To a degree the projected job destruction that is becoming the majority opinion scenario is based on a 2013 paper by Frey and Osborne that analyzed current jobs and concluded that 47% of them are at risk in the short term.  The controversy revolves around whether new job categories will arise to employ the displaced workers.  Marshall Brain, in 'Robotic Nation' probably most succinctly stated the neo-luddite position, 'This imaginary new category of employment does not hinge on technology -- it is going to employ people, after all, in massive numbers -- it is going to employ half of today's working population. Why don't we see any evidence of this new category of jobs today?'.

This expresses the fundamental error of the Luddite Fallacy. If half the jobs disappear and the GDP remains constant, it is true that the unemployment rate will increase to over 50%.  However, if the GDP doubles, the unemployment rate will remain unchanged.  This will happen without any fundamentally new job categories. Twice as many people will be doing the remaining 50% of the jobs.  Rather than 50% unemployment, we will see a doubling of standards of living. However, Brain is also incorrect about new job categories. Over time new job categories will emerge.
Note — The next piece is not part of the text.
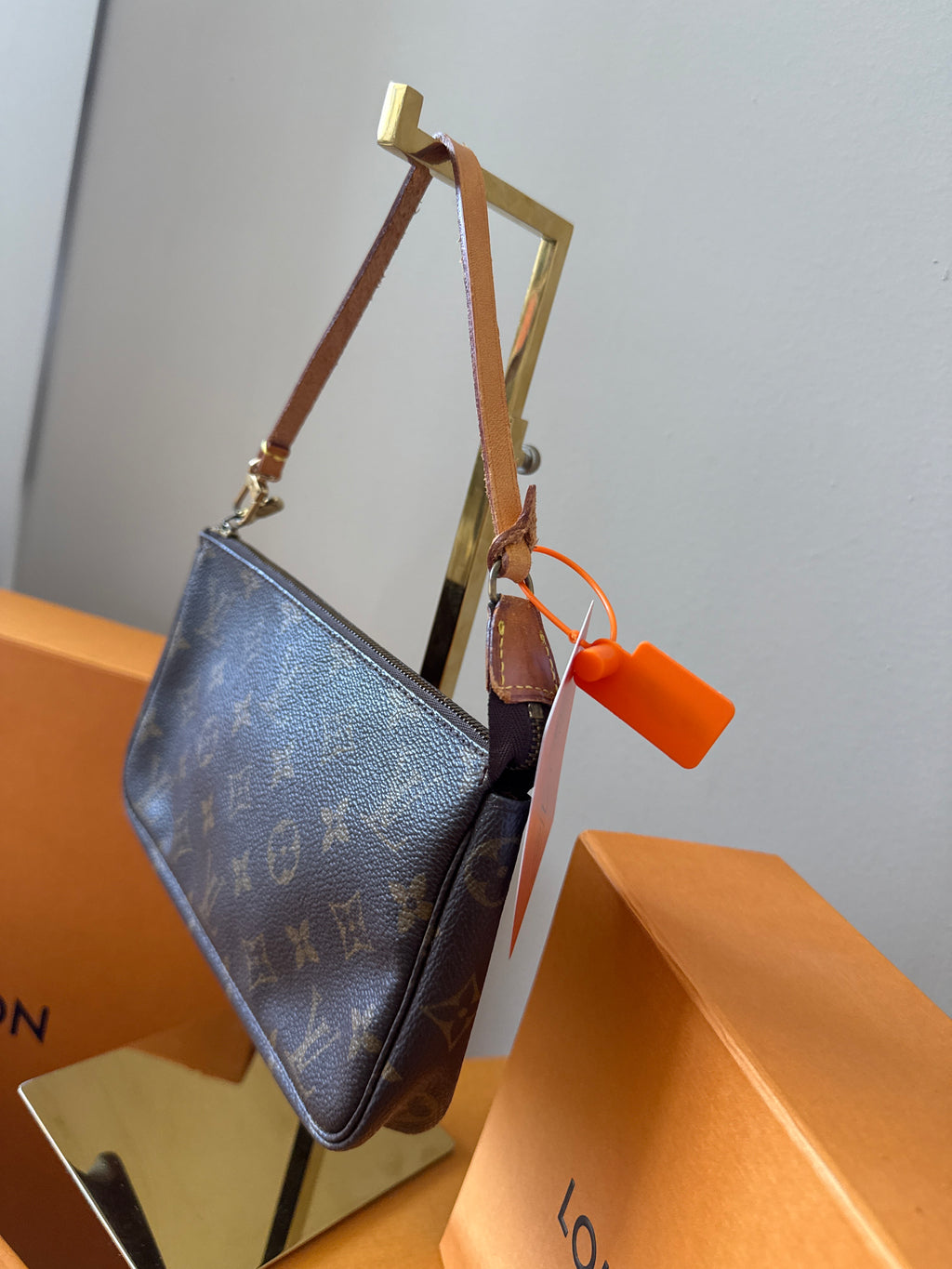 Louis Vuitton Pochette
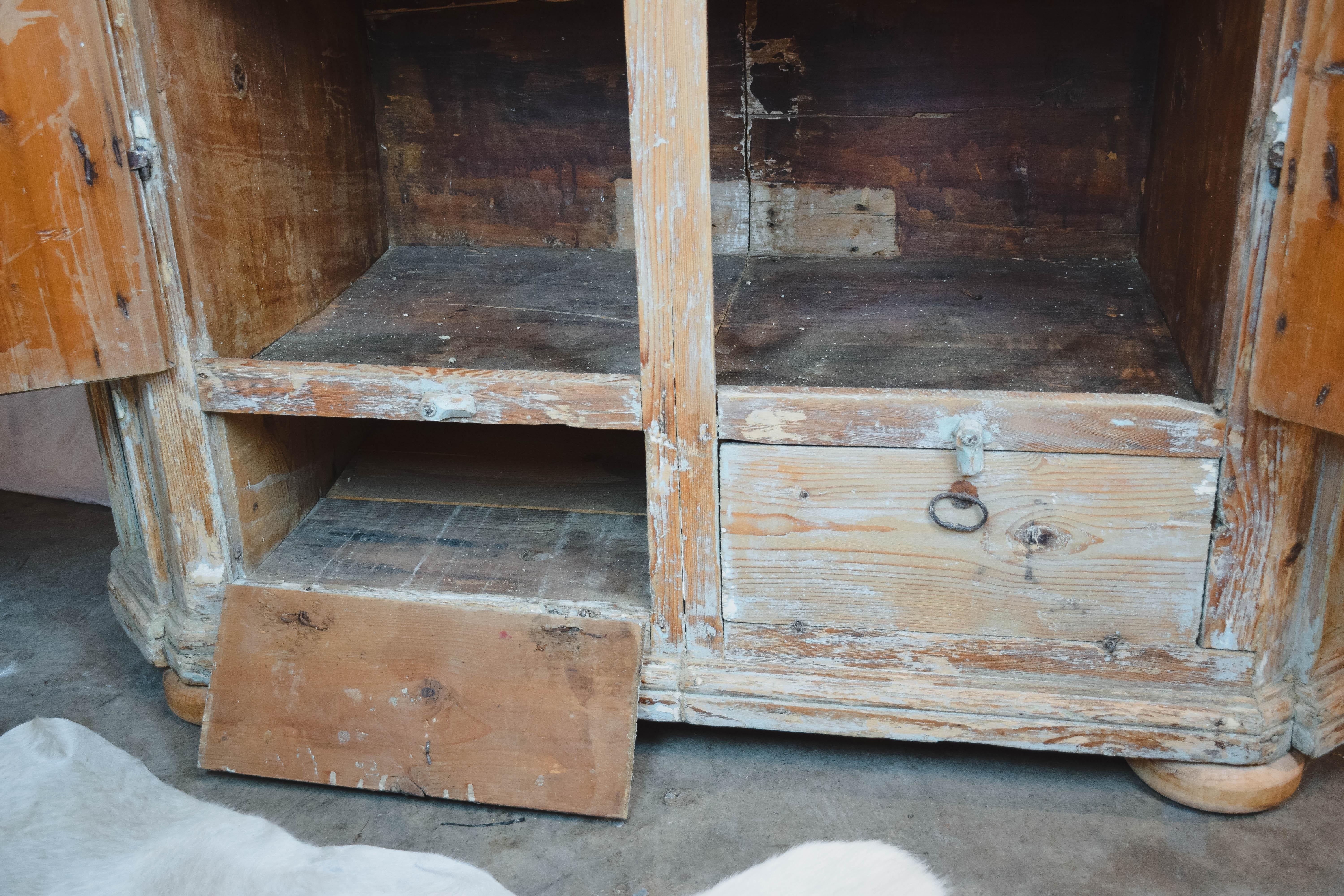 armoire gustavienne du 19ème siècle en vente 9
Between 1875 and 2000, the high industrial age, initiated by a explosion of higher technology inventions in the last few decades of the 19th Century, U.S. Real GDP per capita increased from $3,339.20 to $44,475.00 (2009USD).  This 13.3X increase in productivity was caused by automation and demonstrates that, in practice, automation doesn't result in massive unemployment but rather in GDP growth. Put simply, the historical evidence says that technological unemployment cures itself by increasing GDP and it can easily handle a 50% loss in jobs.

This is not just a theoretical exercise.   In fact, in a sense,, all current unemployment is technological unemployment.  We can demonstrate this with a simple set of calculations.  In 2013 in the U.S. 143.929 million workers created $15,710.3 billion of GDP for an average of $109,155 each.  There were 10.376 million unemployed for a labor force of 155.044 million.  In 2007 146.047 million workers created $14,873.7 billion of GDP for an average of $101,328.  If the GDP of 2013 was created with the GDP per worker of 2007, it would require 155.044 million workers or precisely the total labor force. ($15,710.3 billion÷$101,328)  In other words, all the unemployment of 2013 can be thought of as resulting from the increase in GDP per worker from 2007 to 2013.

Because over this time period GDP grew at 0.91% per year and GDP per worker grew at 1.25% per year, unemployment grew from 5% to 6.7%.  If GDP per worker had grown at 3% per year from 2007 to 2013 and GDP grew at the same 0.91%, unemployment would be 16.2%.  Over subsequent years GDP would grow more quickly, and lower unemployment. However, that would be scant solace to the unemployed workers of 2013.  This describes precisely what Keynes meant when he talked about growing too quickly.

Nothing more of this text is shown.